====== DATASET EXCERPTS

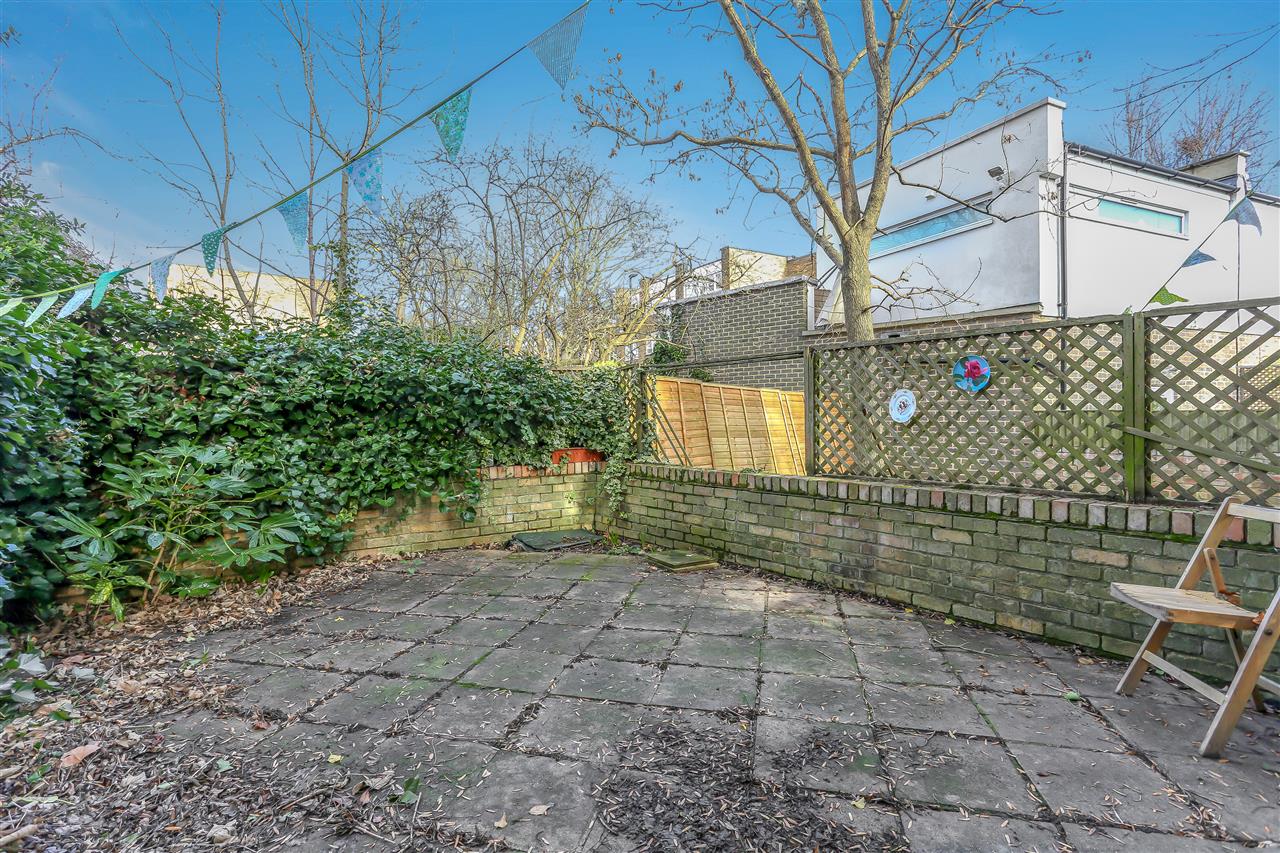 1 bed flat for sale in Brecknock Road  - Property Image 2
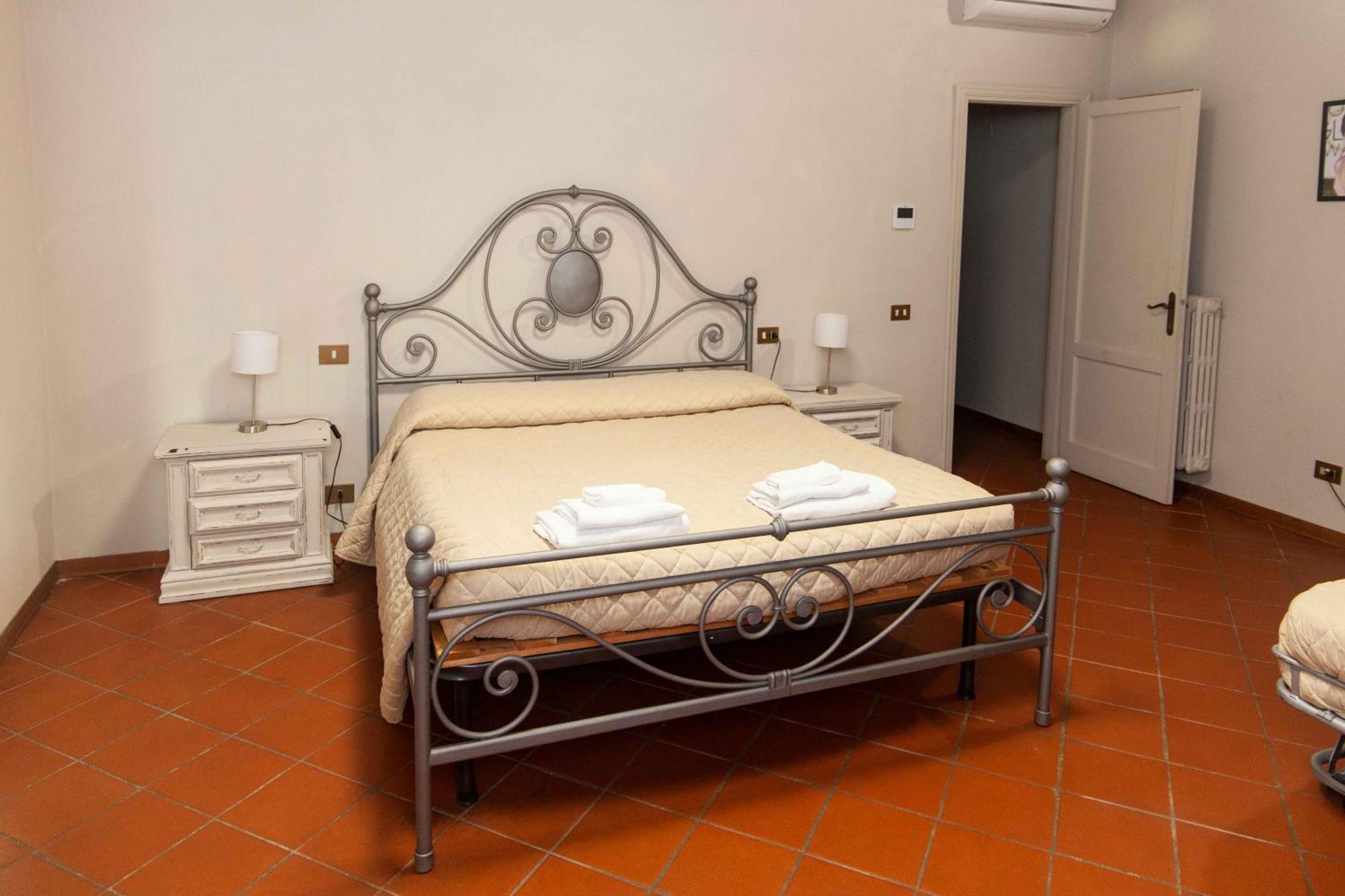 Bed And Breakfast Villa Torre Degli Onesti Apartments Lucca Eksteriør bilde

============
====== DATASET EXCERPTS

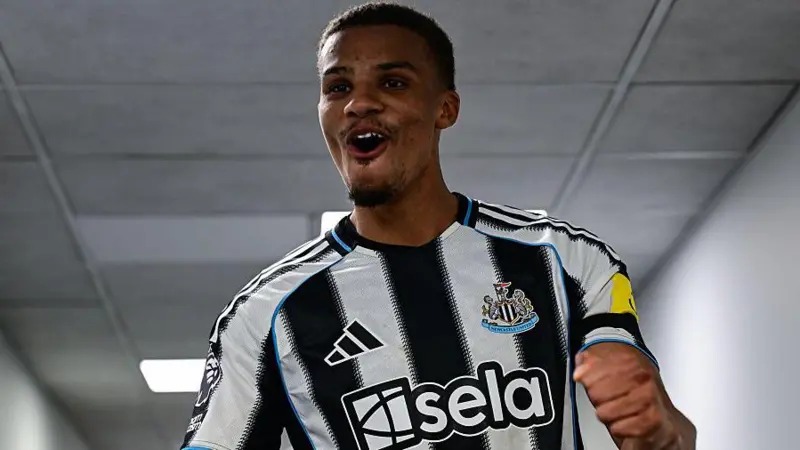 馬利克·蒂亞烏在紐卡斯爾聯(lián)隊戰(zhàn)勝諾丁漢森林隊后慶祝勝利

============

DIRECTIONS -> Reproduce the data above exactly, but only from the line containing "1 bed flat for" through the line containing "Bed And Breakfast". Omit all pictures.

OUTPUT ->
 1 bed flat for sale in Brecknock Road  - Property Image 2
 Bed And Breakfast Villa Torre Degli Onesti Apartments Lucca Eksteriør bilde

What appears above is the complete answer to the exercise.